THE PROBLEM — Would you write out the entries that follow word for word, omitting any images?

SUPPLIED DATA —
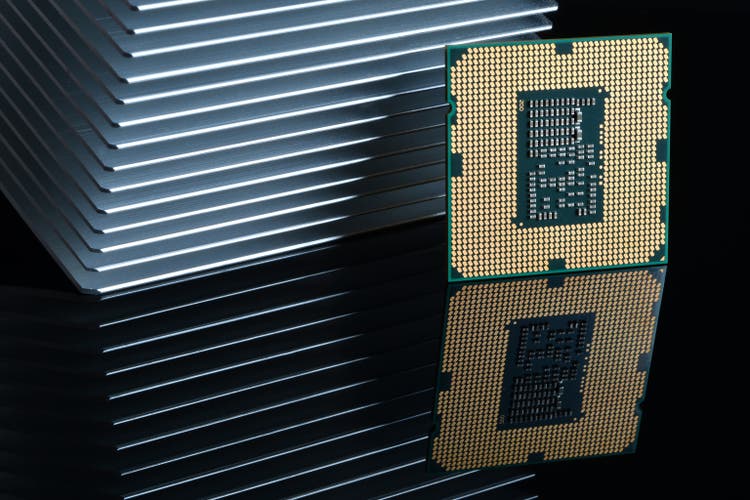Close up of Computer Processor with Aluminum Heatsink on Black Reflective Background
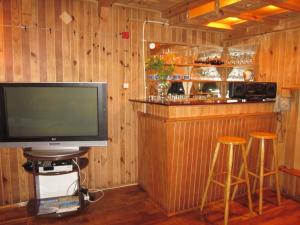 a television sitting in a bar with two stools at Holiday Home Mały Domek by Interhome in Darłowo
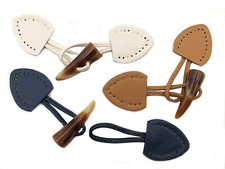 ALAMARO BOTTONE UNISEX IN ECOPELLE CON CORNO IN RESINA 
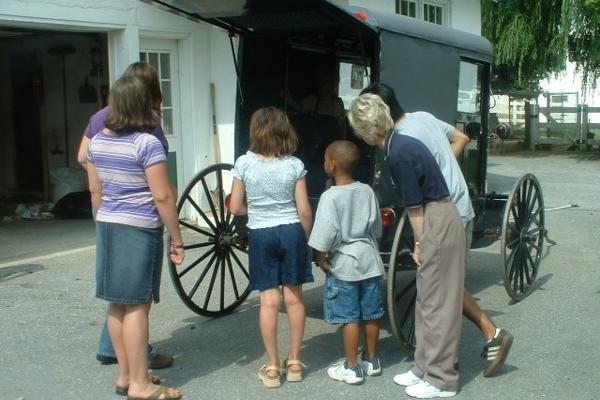 Examining an Amish carriage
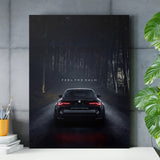 Motivational canvas print with a night BMW on a forest road in a modern home office, automotive lifestyle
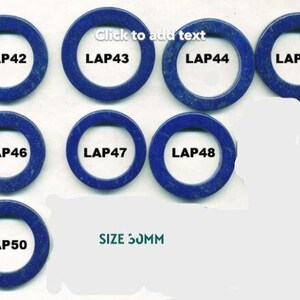 Puede incluir: Una colección de nueve anillos circulares de piedra azul oscuro, cada uno con una etiqueta blanca que muestra un código "LAP" seguido de un número. También se ve el texto "SIZE 30MM". Los anillos están dispuestos sobre una superficie blanca.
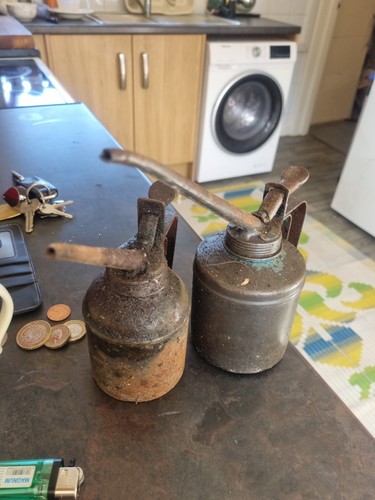 Vintage oil cans ends - cans,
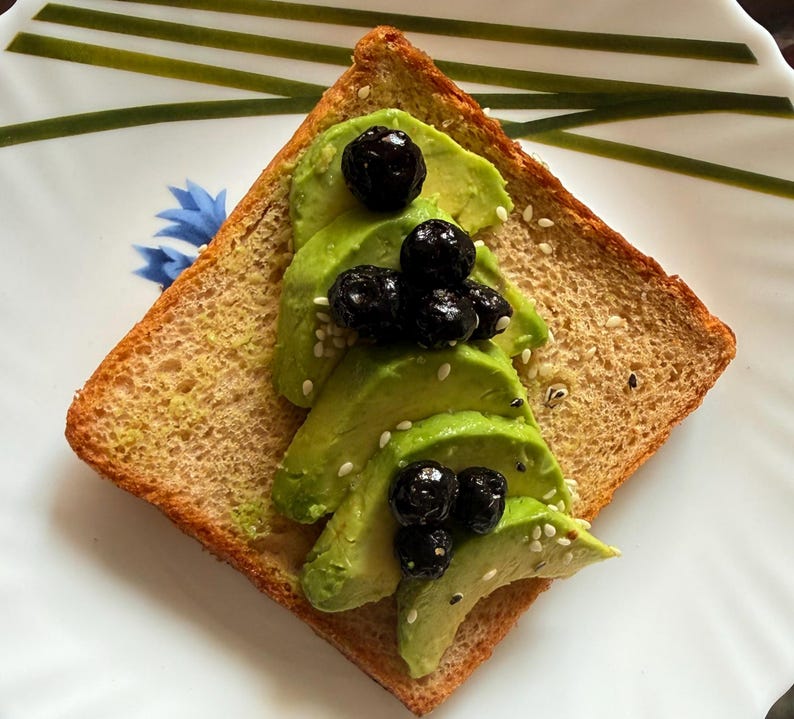 May include: A square slice of toasted brown bread topped with thin, green avocado slices arranged in a triangular shape. The avocado is garnished with dark purple blueberries and a light sprinkling of small white sesame seeds.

REPLY TO THE EXERCISE —
Close up of Computer Processor with Aluminum Heatsink on Black Reflective Background
 a television sitting in a bar with two stools at Holiday Home Mały Domek by Interhome in Darłowo
 ALAMARO BOTTONE UNISEX IN ECOPELLE CON CORNO IN RESINA 
 Examining an Amish carriage
 Motivational canvas print with a night BMW on a forest road in a modern home office, automotive lifestyle
 Puede incluir: Una colección de nueve anillos circulares de piedra azul oscuro, cada uno con una etiqueta blanca que muestra un código "LAP" seguido de un número. También se ve el texto "SIZE 30MM". Los anillos están dispuestos sobre una superficie blanca.
 Vintage oil cans ends - cans,
 May include: A square slice of toasted brown bread topped with thin, green avocado slices arranged in a triangular shape. The avocado is garnished with dark purple blueberries and a light sprinkling of small white sesame seeds.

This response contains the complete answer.